この場所に貸本屋があった。いつなくなったかは記憶にない。
小学生から高校生にかけて、ぼくはここの古本屋に通い続けた。
1日10円、延長料金は1日5円だった。
印象に残っているのは、まず白土三平だ。それがカムイ伝だったかどうかは定かではないが、白土三平だったことは確かだ。次はさいとうたかおである。これもゴルゴ13だったかどうか。
人間の記憶というものは、相当に不確かである。
ハードボイルドの劇画は刺激的だった、ぼくはこれらの本を学校に持って行ったらしい。
母は担任の先生に呼び出され、
「小山君が変な本を学校に持ってきて困る」
と言われたようだ。
その辺りの記憶はぼくにはない。
「学校にはもっていかないでね」
ぐらいのことは言われたかもしれないが、読む本を制限された記憶は一切ない。手塚治虫もサザエさんも貸本で読んだ。

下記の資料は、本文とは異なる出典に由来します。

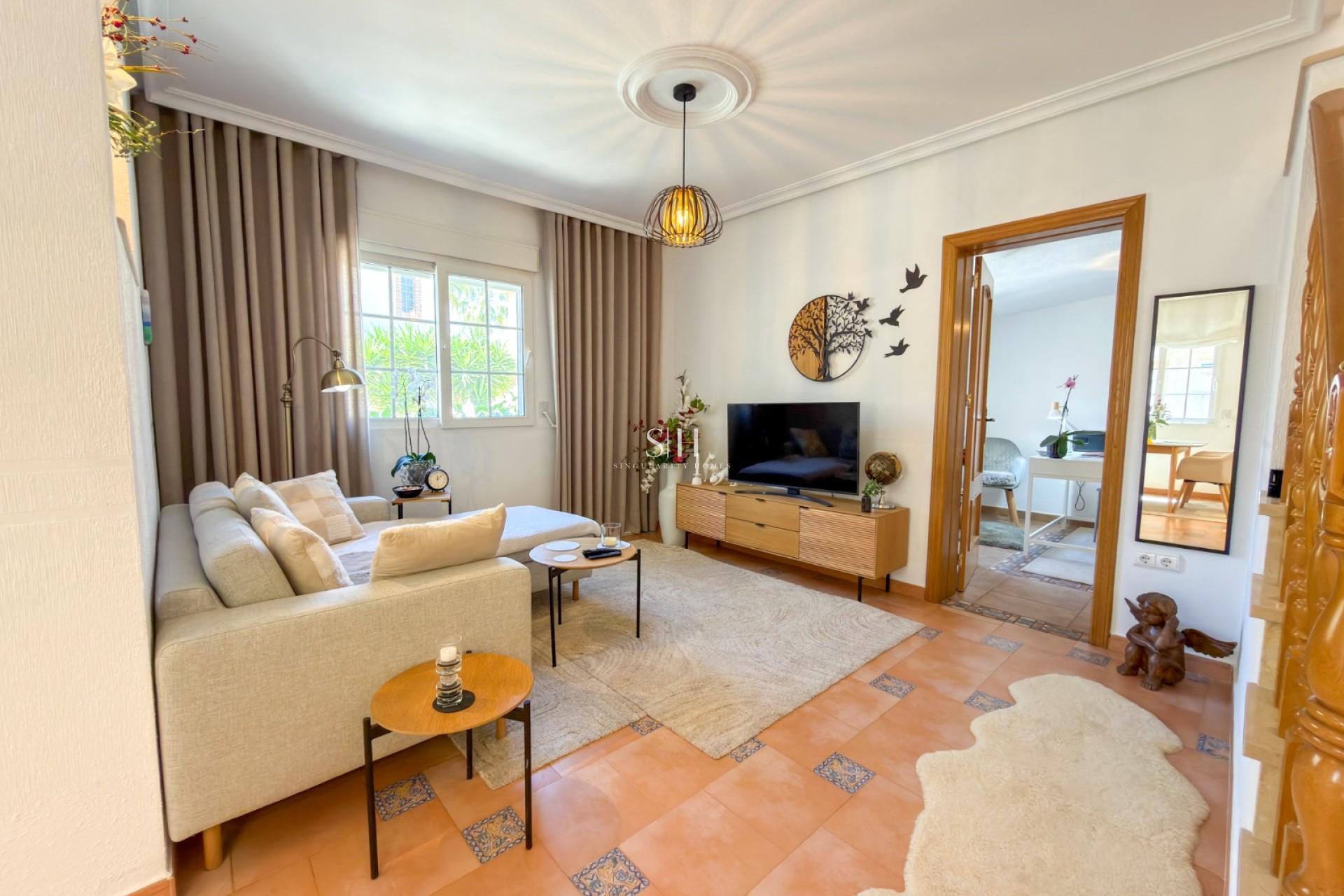 Odsprzedaż - Villa - Orihuela Costa - Los Dolses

あとは講談本だ。山中鹿之介だったり宮本武蔵だったり。戦国の武将ものはほとんど読んだ。あとは軍記だ。『敵中横断三百里』を読んだのもこの頃だ。
大きくなって、スケベな雑誌も借りた覚えがあるがこれは秘密。(笑)
もちろん貸本ばかり読んでいた訳ではない。
岩波の少年少女文庫や講談社の世界名作全集などをよく読んだ。
ドリトル先生シリーズも読んだが、ハマったのは海洋物である。
『海底二万里』や『勇敢な船長』、『海に育つ』などだ。将来は船乗りになると心に決めていた。それが最後にはアーサーランサムの『ツバメ号とアマゾン号』に落ち着いた。この本は何度読んだかしれない。
本物の海洋が消え、擬似のお遊びになったということだ。
いつの間にか海への憧れは消えていた。
一生で一番たくさんの本を読んだ時代だったかもしれない。